→ **Provided data**
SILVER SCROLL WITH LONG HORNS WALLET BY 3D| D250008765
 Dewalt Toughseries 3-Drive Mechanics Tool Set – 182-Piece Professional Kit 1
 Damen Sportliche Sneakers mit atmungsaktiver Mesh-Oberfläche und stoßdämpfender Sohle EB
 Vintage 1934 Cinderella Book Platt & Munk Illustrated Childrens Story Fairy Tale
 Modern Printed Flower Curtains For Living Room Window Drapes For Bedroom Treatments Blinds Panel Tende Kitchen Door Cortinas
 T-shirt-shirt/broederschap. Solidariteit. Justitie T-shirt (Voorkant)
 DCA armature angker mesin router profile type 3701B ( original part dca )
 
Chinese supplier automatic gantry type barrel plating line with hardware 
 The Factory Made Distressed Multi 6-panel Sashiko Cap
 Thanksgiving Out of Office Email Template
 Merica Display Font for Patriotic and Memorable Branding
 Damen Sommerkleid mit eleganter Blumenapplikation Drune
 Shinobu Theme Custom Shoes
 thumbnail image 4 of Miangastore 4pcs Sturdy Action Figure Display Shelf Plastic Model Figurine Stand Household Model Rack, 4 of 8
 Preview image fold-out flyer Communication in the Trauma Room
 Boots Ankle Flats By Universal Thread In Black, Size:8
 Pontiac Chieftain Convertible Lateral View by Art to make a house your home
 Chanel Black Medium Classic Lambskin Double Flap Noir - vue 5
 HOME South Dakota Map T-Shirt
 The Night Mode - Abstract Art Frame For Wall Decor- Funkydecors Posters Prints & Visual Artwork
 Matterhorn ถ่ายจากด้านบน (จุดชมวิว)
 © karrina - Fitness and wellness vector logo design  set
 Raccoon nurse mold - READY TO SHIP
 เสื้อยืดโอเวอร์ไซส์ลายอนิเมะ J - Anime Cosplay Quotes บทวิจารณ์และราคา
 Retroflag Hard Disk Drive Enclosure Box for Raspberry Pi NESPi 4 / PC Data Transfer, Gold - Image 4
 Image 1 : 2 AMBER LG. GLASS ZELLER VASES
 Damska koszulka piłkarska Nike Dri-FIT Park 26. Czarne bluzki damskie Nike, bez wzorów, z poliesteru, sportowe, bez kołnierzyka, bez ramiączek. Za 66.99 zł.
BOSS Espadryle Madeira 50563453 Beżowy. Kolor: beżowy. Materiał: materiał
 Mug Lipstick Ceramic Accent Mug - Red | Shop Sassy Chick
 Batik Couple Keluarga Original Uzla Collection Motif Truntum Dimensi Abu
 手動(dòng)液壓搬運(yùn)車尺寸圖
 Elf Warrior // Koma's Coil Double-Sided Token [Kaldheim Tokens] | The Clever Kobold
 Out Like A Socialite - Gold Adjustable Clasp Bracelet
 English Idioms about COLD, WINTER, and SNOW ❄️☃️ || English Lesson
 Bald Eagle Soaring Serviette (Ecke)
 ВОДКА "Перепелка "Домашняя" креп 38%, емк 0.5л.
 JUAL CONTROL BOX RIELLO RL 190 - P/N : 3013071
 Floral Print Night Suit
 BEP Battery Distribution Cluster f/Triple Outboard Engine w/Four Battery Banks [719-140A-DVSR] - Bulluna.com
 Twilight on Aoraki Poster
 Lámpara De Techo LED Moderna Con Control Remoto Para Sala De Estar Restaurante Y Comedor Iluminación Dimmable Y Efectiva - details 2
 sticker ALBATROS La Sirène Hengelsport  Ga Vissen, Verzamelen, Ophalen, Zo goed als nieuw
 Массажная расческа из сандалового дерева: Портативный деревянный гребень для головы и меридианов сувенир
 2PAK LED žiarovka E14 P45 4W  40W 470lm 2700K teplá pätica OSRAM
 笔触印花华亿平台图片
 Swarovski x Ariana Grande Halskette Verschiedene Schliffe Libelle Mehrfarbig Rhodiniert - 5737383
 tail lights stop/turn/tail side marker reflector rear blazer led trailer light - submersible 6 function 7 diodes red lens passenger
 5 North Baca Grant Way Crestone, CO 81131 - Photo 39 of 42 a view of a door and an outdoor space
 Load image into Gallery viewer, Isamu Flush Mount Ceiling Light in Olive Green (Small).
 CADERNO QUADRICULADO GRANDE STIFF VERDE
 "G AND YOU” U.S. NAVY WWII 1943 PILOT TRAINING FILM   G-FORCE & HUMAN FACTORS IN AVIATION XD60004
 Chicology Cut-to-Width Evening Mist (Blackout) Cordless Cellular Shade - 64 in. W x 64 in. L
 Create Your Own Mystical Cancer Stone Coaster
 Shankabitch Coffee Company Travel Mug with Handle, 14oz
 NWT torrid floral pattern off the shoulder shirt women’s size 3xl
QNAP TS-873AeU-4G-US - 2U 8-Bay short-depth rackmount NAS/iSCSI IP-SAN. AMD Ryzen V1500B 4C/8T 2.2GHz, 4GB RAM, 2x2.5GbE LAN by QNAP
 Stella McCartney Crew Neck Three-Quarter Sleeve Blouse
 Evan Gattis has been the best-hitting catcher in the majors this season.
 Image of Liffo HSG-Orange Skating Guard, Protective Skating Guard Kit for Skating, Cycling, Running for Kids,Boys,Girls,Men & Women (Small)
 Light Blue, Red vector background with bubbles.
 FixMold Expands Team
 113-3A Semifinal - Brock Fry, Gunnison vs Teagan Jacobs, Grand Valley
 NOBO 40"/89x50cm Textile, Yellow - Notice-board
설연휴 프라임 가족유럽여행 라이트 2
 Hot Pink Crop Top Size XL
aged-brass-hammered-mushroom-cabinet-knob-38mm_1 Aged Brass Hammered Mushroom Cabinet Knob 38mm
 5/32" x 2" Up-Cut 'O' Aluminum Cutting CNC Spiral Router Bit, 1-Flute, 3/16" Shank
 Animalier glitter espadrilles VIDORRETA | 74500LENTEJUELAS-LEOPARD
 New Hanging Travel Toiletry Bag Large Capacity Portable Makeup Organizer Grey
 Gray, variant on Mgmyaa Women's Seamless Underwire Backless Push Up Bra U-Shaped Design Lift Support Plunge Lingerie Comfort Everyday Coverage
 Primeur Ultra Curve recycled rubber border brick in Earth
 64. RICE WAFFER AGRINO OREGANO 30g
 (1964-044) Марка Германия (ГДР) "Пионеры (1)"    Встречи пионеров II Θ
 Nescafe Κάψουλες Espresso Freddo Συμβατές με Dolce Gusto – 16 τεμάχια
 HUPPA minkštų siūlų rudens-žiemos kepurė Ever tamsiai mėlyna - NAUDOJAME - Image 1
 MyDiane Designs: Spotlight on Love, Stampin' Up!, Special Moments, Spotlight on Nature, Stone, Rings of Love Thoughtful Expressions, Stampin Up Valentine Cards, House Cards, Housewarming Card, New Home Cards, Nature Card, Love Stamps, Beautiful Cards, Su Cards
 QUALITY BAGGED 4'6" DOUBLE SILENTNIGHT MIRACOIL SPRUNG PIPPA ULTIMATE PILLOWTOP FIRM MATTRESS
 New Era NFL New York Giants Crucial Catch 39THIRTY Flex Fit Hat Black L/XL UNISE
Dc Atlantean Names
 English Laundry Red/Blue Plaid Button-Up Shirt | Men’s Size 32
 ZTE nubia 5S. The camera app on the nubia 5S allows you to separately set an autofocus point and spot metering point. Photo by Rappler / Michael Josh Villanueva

→ **Action item**
Without leaving anything out, transcribe the records above exactly.

→ **Output for this exercise**
SILVER SCROLL WITH LONG HORNS WALLET BY 3D| D250008765
 Dewalt Toughseries 3-Drive Mechanics Tool Set – 182-Piece Professional Kit 1
 Damen Sportliche Sneakers mit atmungsaktiver Mesh-Oberfläche und stoßdämpfender Sohle EB
 Vintage 1934 Cinderella Book Platt & Munk Illustrated Childrens Story Fairy Tale
 Modern Printed Flower Curtains For Living Room Window Drapes For Bedroom Treatments Blinds Panel Tende Kitchen Door Cortinas
 T-shirt-shirt/broederschap. Solidariteit. Justitie T-shirt (Voorkant)
 DCA armature angker mesin router profile type 3701B ( original part dca )
 
Chinese supplier automatic gantry type barrel plating line with hardware 
 The Factory Made Distressed Multi 6-panel Sashiko Cap
 Thanksgiving Out of Office Email Template
 Merica Display Font for Patriotic and Memorable Branding
 Damen Sommerkleid mit eleganter Blumenapplikation Drune
 Shinobu Theme Custom Shoes
 thumbnail image 4 of Miangastore 4pcs Sturdy Action Figure Display Shelf Plastic Model Figurine Stand Household Model Rack, 4 of 8
 Preview image fold-out flyer Communication in the Trauma Room
 Boots Ankle Flats By Universal Thread In Black, Size:8
 Pontiac Chieftain Convertible Lateral View by Art to make a house your home
 Chanel Black Medium Classic Lambskin Double Flap Noir - vue 5
 HOME South Dakota Map T-Shirt
 The Night Mode - Abstract Art Frame For Wall Decor- Funkydecors Posters Prints & Visual Artwork
 Matterhorn ถ่ายจากด้านบน (จุดชมวิว)
 © karrina - Fitness and wellness vector logo design  set
 Raccoon nurse mold - READY TO SHIP
 เสื้อยืดโอเวอร์ไซส์ลายอนิเมะ J - Anime Cosplay Quotes บทวิจารณ์และราคา
 Retroflag Hard Disk Drive Enclosure Box for Raspberry Pi NESPi 4 / PC Data Transfer, Gold - Image 4
 Image 1 : 2 AMBER LG. GLASS ZELLER VASES
 Damska koszulka piłkarska Nike Dri-FIT Park 26. Czarne bluzki damskie Nike, bez wzorów, z poliesteru, sportowe, bez kołnierzyka, bez ramiączek. Za 66.99 zł.
BOSS Espadryle Madeira 50563453 Beżowy. Kolor: beżowy. Materiał: materiał
 Mug Lipstick Ceramic Accent Mug - Red | Shop Sassy Chick
 Batik Couple Keluarga Original Uzla Collection Motif Truntum Dimensi Abu
 手動(dòng)液壓搬運(yùn)車尺寸圖
 Elf Warrior // Koma's Coil Double-Sided Token [Kaldheim Tokens] | The Clever Kobold
 Out Like A Socialite - Gold Adjustable Clasp Bracelet
 English Idioms about COLD, WINTER, and SNOW ❄️☃️ || English Lesson
 Bald Eagle Soaring Serviette (Ecke)
 ВОДКА "Перепелка "Домашняя" креп 38%, емк 0.5л.
 JUAL CONTROL BOX RIELLO RL 190 - P/N : 3013071
 Floral Print Night Suit
 BEP Battery Distribution Cluster f/Triple Outboard Engine w/Four Battery Banks [719-140A-DVSR] - Bulluna.com
 Twilight on Aoraki Poster
 Lámpara De Techo LED Moderna Con Control Remoto Para Sala De Estar Restaurante Y Comedor Iluminación Dimmable Y Efectiva - details 2
 sticker ALBATROS La Sirène Hengelsport  Ga Vissen, Verzamelen, Ophalen, Zo goed als nieuw
 Массажная расческа из сандалового дерева: Портативный деревянный гребень для головы и меридианов сувенир
 2PAK LED žiarovka E14 P45 4W  40W 470lm 2700K teplá pätica OSRAM
 笔触印花华亿平台图片
 Swarovski x Ariana Grande Halskette Verschiedene Schliffe Libelle Mehrfarbig Rhodiniert - 5737383
 tail lights stop/turn/tail side marker reflector rear blazer led trailer light - submersible 6 function 7 diodes red lens passenger
 5 North Baca Grant Way Crestone, CO 81131 - Photo 39 of 42 a view of a door and an outdoor space
 Load image into Gallery viewer, Isamu Flush Mount Ceiling Light in Olive Green (Small).
 CADERNO QUADRICULADO GRANDE STIFF VERDE
 "G AND YOU” U.S. NAVY WWII 1943 PILOT TRAINING FILM   G-FORCE & HUMAN FACTORS IN AVIATION XD60004
 Chicology Cut-to-Width Evening Mist (Blackout) Cordless Cellular Shade - 64 in. W x 64 in. L
 Create Your Own Mystical Cancer Stone Coaster
 Shankabitch Coffee Company Travel Mug with Handle, 14oz
 NWT torrid floral pattern off the shoulder shirt women’s size 3xl
QNAP TS-873AeU-4G-US - 2U 8-Bay short-depth rackmount NAS/iSCSI IP-SAN. AMD Ryzen V1500B 4C/8T 2.2GHz, 4GB RAM, 2x2.5GbE LAN by QNAP
 Stella McCartney Crew Neck Three-Quarter Sleeve Blouse
 Evan Gattis has been the best-hitting catcher in the majors this season.
 Image of Liffo HSG-Orange Skating Guard, Protective Skating Guard Kit for Skating, Cycling, Running for Kids,Boys,Girls,Men & Women (Small)
 Light Blue, Red vector background with bubbles.
 FixMold Expands Team
 113-3A Semifinal - Brock Fry, Gunnison vs Teagan Jacobs, Grand Valley
 NOBO 40"/89x50cm Textile, Yellow - Notice-board
설연휴 프라임 가족유럽여행 라이트 2
 Hot Pink Crop Top Size XL
aged-brass-hammered-mushroom-cabinet-knob-38mm_1 Aged Brass Hammered Mushroom Cabinet Knob 38mm
 5/32" x 2" Up-Cut 'O' Aluminum Cutting CNC Spiral Router Bit, 1-Flute, 3/16" Shank
 Animalier glitter espadrilles VIDORRETA | 74500LENTEJUELAS-LEOPARD
 New Hanging Travel Toiletry Bag Large Capacity Portable Makeup Organizer Grey
 Gray, variant on Mgmyaa Women's Seamless Underwire Backless Push Up Bra U-Shaped Design Lift Support Plunge Lingerie Comfort Everyday Coverage
 Primeur Ultra Curve recycled rubber border brick in Earth
 64. RICE WAFFER AGRINO OREGANO 30g
 (1964-044) Марка Германия (ГДР) "Пионеры (1)"    Встречи пионеров II Θ
 Nescafe Κάψουλες Espresso Freddo Συμβατές με Dolce Gusto – 16 τεμάχια
 HUPPA minkštų siūlų rudens-žiemos kepurė Ever tamsiai mėlyna - NAUDOJAME - Image 1
 MyDiane Designs: Spotlight on Love, Stampin' Up!, Special Moments, Spotlight on Nature, Stone, Rings of Love Thoughtful Expressions, Stampin Up Valentine Cards, House Cards, Housewarming Card, New Home Cards, Nature Card, Love Stamps, Beautiful Cards, Su Cards
 QUALITY BAGGED 4'6" DOUBLE SILENTNIGHT MIRACOIL SPRUNG PIPPA ULTIMATE PILLOWTOP FIRM MATTRESS
 New Era NFL New York Giants Crucial Catch 39THIRTY Flex Fit Hat Black L/XL UNISE
Dc Atlantean Names
 English Laundry Red/Blue Plaid Button-Up Shirt | Men’s Size 32
 ZTE nubia 5S. The camera app on the nubia 5S allows you to separately set an autofocus point and spot metering point. Photo by Rappler / Michael Josh Villanueva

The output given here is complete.